High concept ideas are often so obvious – hanging in front of everyone until someone turns a “what if?” into a book, screenplay or pitch and the world shakes as a million foreheads are thwacked in “why didn’t I think of that?” frustration. So it is with Jumper…
Who hasn’t imagined which superpower they’d love to possess and considered that, y’know, skipping the Tube to – WHOOSH! – neck cocktails in Hawaii might be a nifty gift? Tapping Steven Gould’s 1992 novel for inspiration, Doug Liman has made fantasy flesh, but Jumper is much more than a exercise in pure teenage wish-fulfilment. How much more will likely become apparent in parts two and three, should the ADD director – the man who started the mighty Bourne franchise only to jump ship as it took off – be bothered to return to explore the shadows cast in his effervescent sci-fi wonder.
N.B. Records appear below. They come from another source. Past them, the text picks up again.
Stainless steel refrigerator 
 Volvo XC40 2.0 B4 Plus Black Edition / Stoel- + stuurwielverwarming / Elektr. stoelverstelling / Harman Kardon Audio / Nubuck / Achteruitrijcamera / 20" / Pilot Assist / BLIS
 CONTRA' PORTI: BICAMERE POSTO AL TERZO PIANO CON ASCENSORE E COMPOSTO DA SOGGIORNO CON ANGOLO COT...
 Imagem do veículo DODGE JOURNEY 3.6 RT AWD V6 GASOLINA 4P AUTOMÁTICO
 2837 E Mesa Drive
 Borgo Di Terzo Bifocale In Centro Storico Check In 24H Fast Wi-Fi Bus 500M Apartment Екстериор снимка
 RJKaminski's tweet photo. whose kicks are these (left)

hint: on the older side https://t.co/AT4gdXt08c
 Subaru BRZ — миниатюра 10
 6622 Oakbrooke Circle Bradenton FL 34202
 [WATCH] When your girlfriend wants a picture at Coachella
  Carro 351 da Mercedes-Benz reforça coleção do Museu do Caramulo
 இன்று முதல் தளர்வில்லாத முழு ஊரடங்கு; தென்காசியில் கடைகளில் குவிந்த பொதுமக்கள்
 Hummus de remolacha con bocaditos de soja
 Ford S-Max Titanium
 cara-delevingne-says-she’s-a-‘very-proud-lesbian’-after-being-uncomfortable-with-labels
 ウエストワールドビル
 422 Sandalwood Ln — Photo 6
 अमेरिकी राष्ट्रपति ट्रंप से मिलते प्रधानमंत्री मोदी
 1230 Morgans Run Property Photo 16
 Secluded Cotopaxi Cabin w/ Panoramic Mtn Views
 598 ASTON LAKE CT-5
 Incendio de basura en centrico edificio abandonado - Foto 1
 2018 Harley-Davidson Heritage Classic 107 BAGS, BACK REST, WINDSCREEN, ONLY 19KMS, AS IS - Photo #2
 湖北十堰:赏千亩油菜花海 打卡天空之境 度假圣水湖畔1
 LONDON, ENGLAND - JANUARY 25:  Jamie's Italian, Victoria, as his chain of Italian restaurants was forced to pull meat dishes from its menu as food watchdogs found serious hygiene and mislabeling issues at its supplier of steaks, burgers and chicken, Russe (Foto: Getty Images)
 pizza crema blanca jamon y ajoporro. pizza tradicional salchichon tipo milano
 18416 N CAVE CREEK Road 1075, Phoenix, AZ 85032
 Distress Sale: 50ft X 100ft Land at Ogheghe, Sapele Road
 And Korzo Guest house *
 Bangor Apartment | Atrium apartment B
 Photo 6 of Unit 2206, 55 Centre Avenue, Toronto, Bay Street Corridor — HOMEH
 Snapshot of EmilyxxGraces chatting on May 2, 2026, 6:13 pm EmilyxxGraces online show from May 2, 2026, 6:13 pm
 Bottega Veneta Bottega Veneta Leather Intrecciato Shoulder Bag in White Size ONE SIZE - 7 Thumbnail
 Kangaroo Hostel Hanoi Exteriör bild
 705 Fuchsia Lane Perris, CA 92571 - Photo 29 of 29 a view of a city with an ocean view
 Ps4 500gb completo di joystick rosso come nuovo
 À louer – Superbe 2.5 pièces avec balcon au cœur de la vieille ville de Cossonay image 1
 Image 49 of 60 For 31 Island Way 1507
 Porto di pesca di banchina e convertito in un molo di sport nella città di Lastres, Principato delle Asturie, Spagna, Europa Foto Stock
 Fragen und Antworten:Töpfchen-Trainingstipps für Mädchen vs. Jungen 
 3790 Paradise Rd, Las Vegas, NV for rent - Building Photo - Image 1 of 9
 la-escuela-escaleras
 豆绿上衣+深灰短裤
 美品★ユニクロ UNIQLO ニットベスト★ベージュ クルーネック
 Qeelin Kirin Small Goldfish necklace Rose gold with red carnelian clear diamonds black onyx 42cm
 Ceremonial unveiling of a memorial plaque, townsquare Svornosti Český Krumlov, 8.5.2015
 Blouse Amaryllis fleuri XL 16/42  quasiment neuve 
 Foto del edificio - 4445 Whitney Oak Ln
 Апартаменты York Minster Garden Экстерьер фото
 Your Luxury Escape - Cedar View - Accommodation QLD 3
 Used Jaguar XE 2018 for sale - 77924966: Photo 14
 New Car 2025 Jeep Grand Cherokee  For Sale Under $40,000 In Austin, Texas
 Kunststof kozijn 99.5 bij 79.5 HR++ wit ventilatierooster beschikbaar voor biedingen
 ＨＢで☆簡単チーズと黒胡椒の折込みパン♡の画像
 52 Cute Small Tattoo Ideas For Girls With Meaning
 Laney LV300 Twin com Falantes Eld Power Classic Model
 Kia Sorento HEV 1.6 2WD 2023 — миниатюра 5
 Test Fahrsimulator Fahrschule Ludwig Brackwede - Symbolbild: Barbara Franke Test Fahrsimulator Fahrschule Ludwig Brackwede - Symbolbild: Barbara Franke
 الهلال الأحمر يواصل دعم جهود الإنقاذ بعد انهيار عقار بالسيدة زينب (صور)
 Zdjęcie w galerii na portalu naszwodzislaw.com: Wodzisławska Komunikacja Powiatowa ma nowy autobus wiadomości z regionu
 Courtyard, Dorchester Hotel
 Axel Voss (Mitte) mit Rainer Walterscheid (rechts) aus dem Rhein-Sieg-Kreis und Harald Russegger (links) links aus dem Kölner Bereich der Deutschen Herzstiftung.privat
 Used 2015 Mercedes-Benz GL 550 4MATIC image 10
For now though, Jumper is an invigorating, grin-inducing cine-frappe, cool and refreshing. Part one creates a world and races through it like a Skittles-stuffed toddler. The pre-credits square away the origins, then it’s – WHOOSH! – Hayden in his 20s, living it up in a life without consequences, pinging from bank vaults to landmarks to cross-continental one-night stands. Yes, he’s a morally ambiguous hero channelling a preternatural force that may alter the course of humanity… Yes, we’ve been here before. But whereas his Anakin showed less emotional range than the pimped-out wheelie bin he transformed into, Christensen delivers in Jumper. His character is angsty, adventurous and suitably self-centred without being bland.
And here he is the phantom menace – at least in the mind of Samuel L Jackson, who pops up with his fellow Paladins (read: Jumper-hunters) to try to stop Christensen’s bank-draining global joyride, suggesting that Jumpers have been responsible for much more sinister deeds in the past. “W-w-whhhy?!” asks one Jumper as Jackson is about to plunge a blade in his chest. “Because you are an abomination! Only God should have the power to be all places at all times,” growls Sam to his globe-hopping prey, his menace only slightly undermined by the revelation that his character’s name is, um, Roland.
So, there are hints at substance – the whole thing arguably a reflection on the narcissistic, too-much-is-not-enough leisure-lined lives of spoilt, first world Generation Y-ers who refuse to grow up (like, um, us). But mostly Jumper is about bitchin’ action, dude – from ‘jumping’ a double-decker to tele-racing around Tokyo. There’s an exuberance and anarchy often absent from movies of this scale – the Liman touch, the feeling anything could happen.
Christensen is backed by a brilliant Jamie Bell, bringing levity and depth to the terrier-like Griffin (a Jumper who bites back), while Rachel ‘that girl from The OC’ Bilson proves her casting as Hayden’s crush isn’t just an ironic nod to the subtext: she’s sexy but real, the ultimate girl next door. Watch, grin, repeat. Doug, please give us another Jumper.
Verdict:
Busting blocks with freshness and verve, the Bourne boy does it again. Jumper is audacious, absurd and hugely enjoyable. We can't wait for the empire to strike back.